As we write, six previously healthy young men are facing lifetimes of immune-related illness and the distinct possibility of early death. Despite what the experts in the field are saying, those responsible for the trials insist that they did everything properly, that what happened was completely unforeseeable. The regulatory body that should have intervened continues to back them up, also in the face of all the evidence.

The regulation of drug trials in the UK is clearly inadequate, and the problem is made worse as the pharmaceutical industry becomes increasingly international. The Food and Drug Administration in the USA is currently embroiled in several drug trial scandals amid widespread accusations of conflicts of interests in a high proportion of its scientific advisory panels (this issue). More and more trials are being carried out in third world countries where regulation is less stringent; Parexel, for example, is expanding its operations in Latin America.
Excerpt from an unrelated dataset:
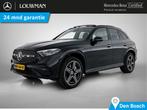 Mercedes-Benz GLC 400 e 4-MATIC AMG Plug-In Hybride | Night, Auto's, Automaat, 12 maanden, Gebruikt, 4 cilinders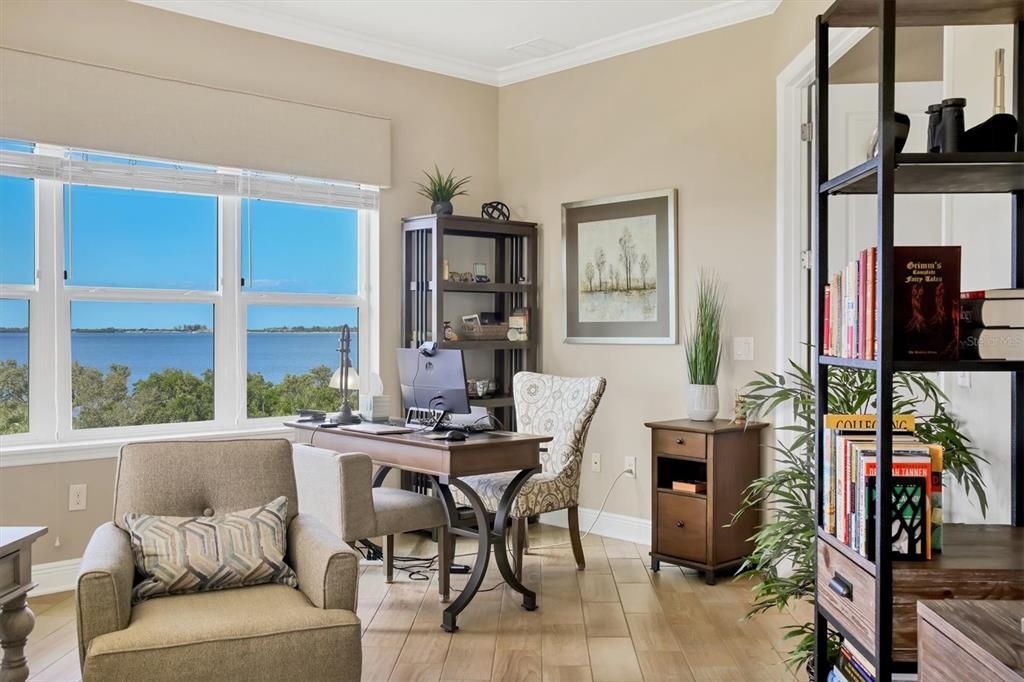 For Sale: $695,000 (2 beds, 2 baths, 1650 Square Feet)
The World Health Organisation is in the process of setting up an International Clinical Trials Registry so that the information from trials anywhere in the world can be accessed (WHO Registry of Clinical Trials, SiS30). There must also be internationally agreed standards for trials. And as a first step, the UK must get its own house in order.

The MHRA sees its task only as verifying that the right boxes have been ticked on a standard protocol, and it doesn’t do even that very well. After the incident, it had nothing to say beyond that what had happened had been unpredicted, when there is a consensus among the experts that it should have been anticipated.

Clinical trials are too important and potentially too hazardous to be regulated in such a casual manner. We need a new regulatory body with the scientific expertise to look critically and independently at all the trials that are submitted to it and the authority to reject any that do not satisfy the strict requirements.